#### Goal of the exercise:
Your answer is to be the exact text of the lines from the one containing "A close up of" through the final line of the entries, restated in full, with pictures omitted.

#### Input records:
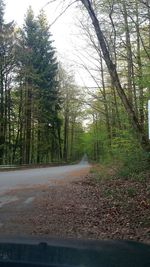 Road amidst trees in forest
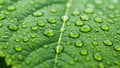 A close up of a vibrant green leaf covered with numerous clear water droplets Royalty Free Stock Photo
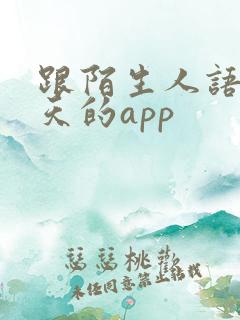 跟陌生人语音聊天的app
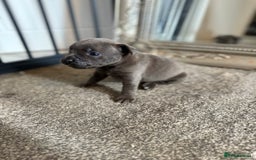 Mixed Breed dogs for sale: Frenchie x Staffy puppies  - Image 10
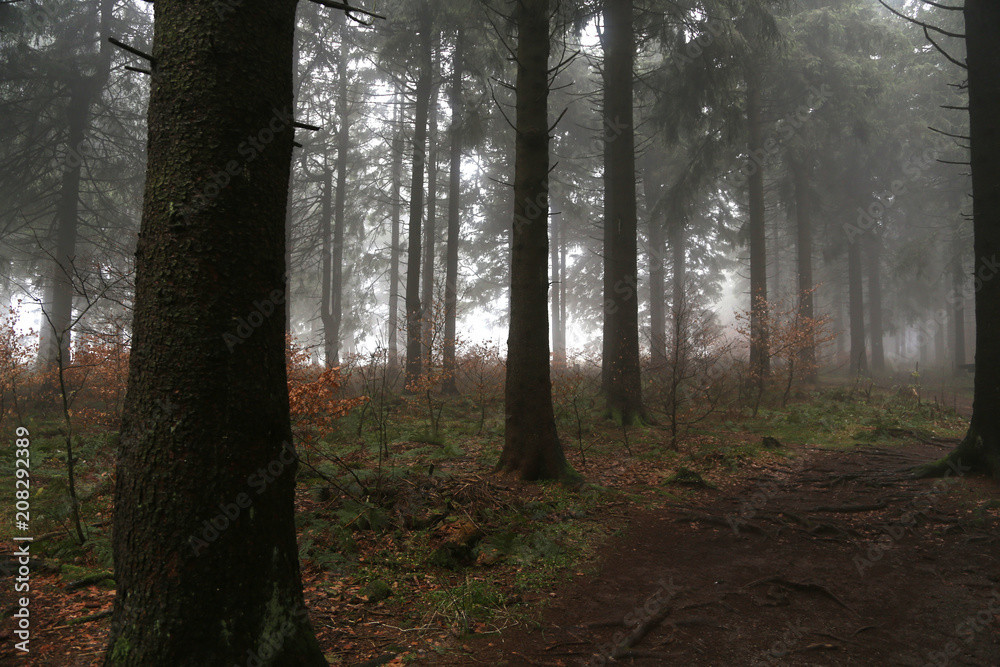 wald im nebel im herbst wald im nebel im herbst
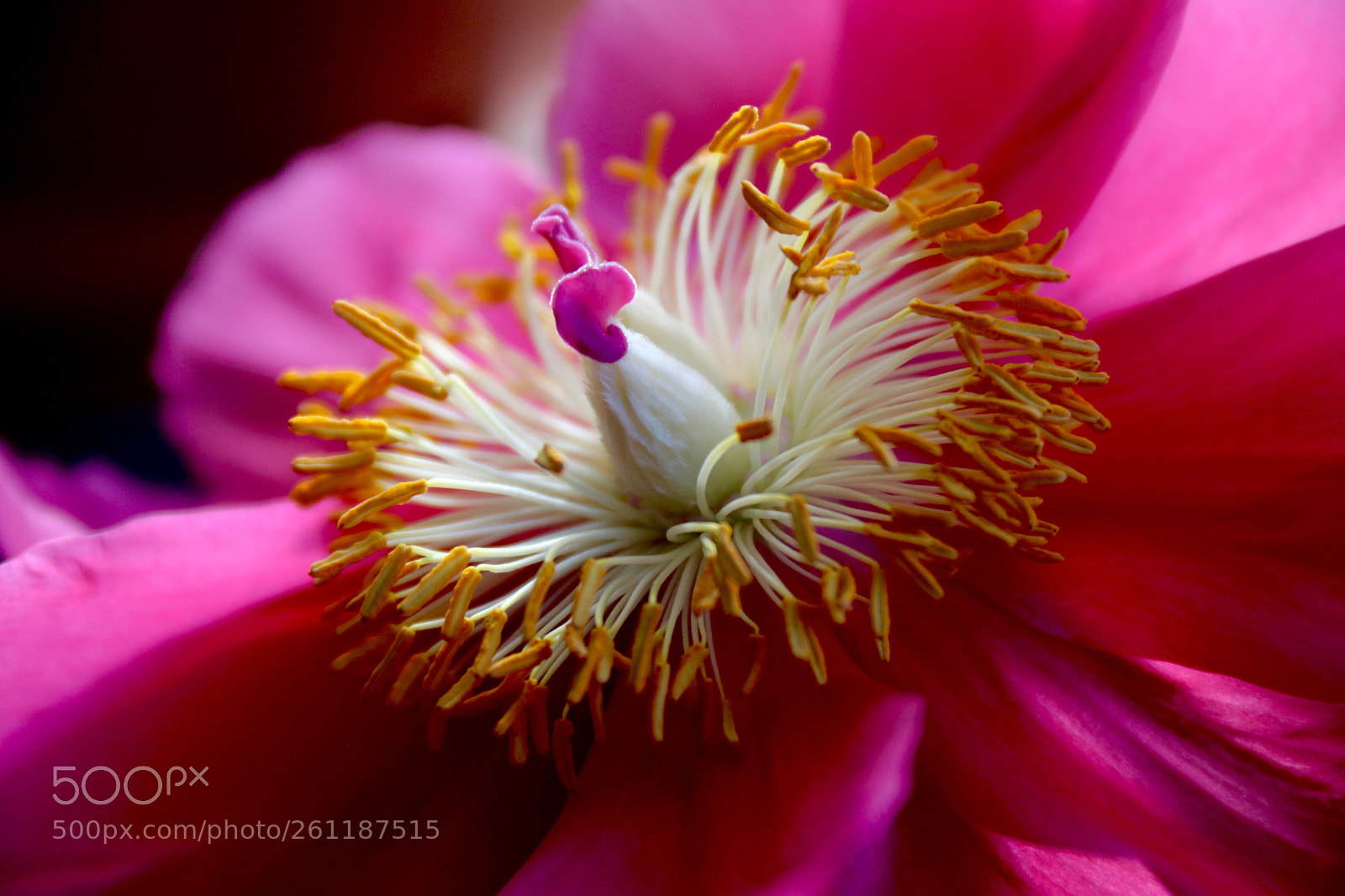 Canon EOS 750D (EOS Rebel T6i / EOS Kiss X8i) sample photo. Peony photography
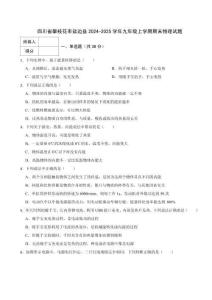 四川省攀枝花市鹽邊縣2024-2025學年九年級上學期期末物理試題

#### Result of this task:
 A close up of a vibrant green leaf covered with numerous clear water droplets Royalty Free Stock Photo
 跟陌生人语音聊天的app
 Mixed Breed dogs for sale: Frenchie x Staffy puppies  - Image 10
 wald im nebel im herbst wald im nebel im herbst
 Canon EOS 750D (EOS Rebel T6i / EOS Kiss X8i) sample photo. Peony photography
 四川省攀枝花市鹽邊縣2024-2025學年九年級上學期期末物理試題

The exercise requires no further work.